公園として整備され、観光客で賑わう金沢城公園。実は、金沢城公園は整備されてまだ20年ほどしか経っていない。というのも、この金沢城公園、以前は金沢大学のキャンパスだったのである。
金沢城公園にある石碑。「金沢大学誕生の地」と記されている。
城郭全域を大学のキャンパスにするのは大変珍しく、金沢大学以外ではドイツのハイデルベルク大学ぐらいであったそうだ。そもそも、金沢城公園は時代とともに宗教・政治・軍事・学術の拠点として移り変わってきた歴史を持つ。
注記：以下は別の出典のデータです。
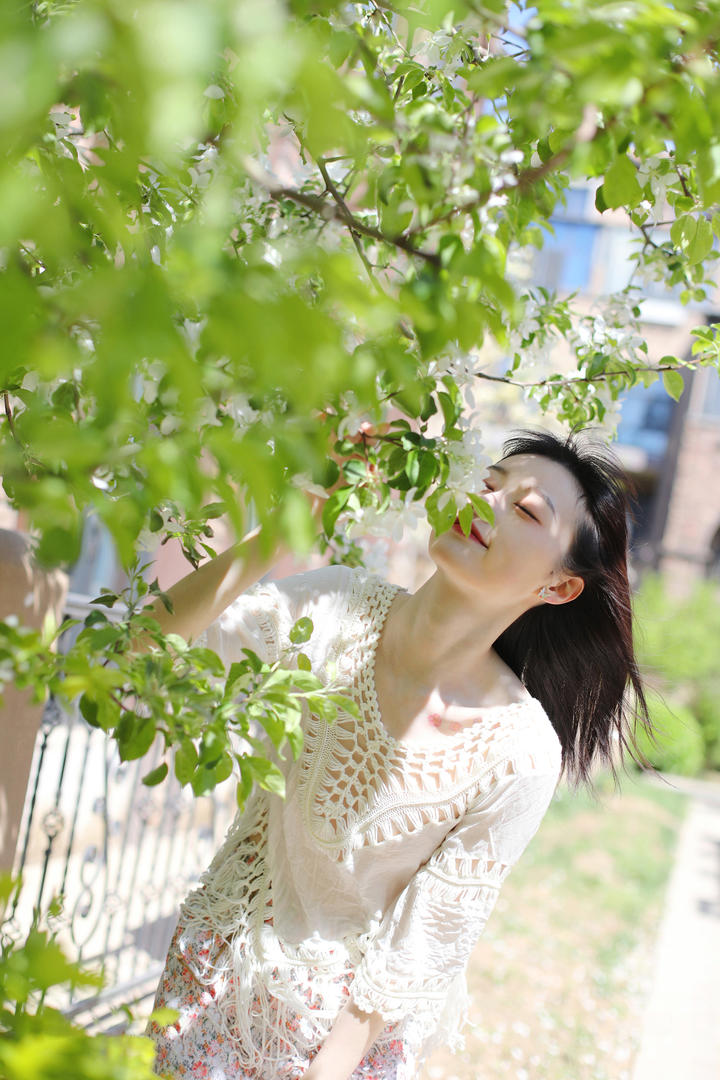 唯美清纯少女户外摄影写真壁纸大图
幕藩体制が終わりを告げ、明治に入ると、金沢城跡には陸軍第九師団司令部や歩兵第七連隊などが第二次世界大戦終戦まで置かれた。
戦後は昭和二十四年(1949)に金沢大学の丸の内キャンパスとなり、お城の大学として親しまれていた。
その後金沢大学は、丸の内のほか、小立野地区に点在していた学部と併せて角間地区に総合移転することが決定し、平成元年(1989)の法学部・経済学部・文学部の移転を皮切りに、1995年には「お城のキャンパス」は完全に姿を消した。
1996年には石川県が金沢城跡を国から取得、以降金沢城跡は公園として整備され、復元事業も進むことになった。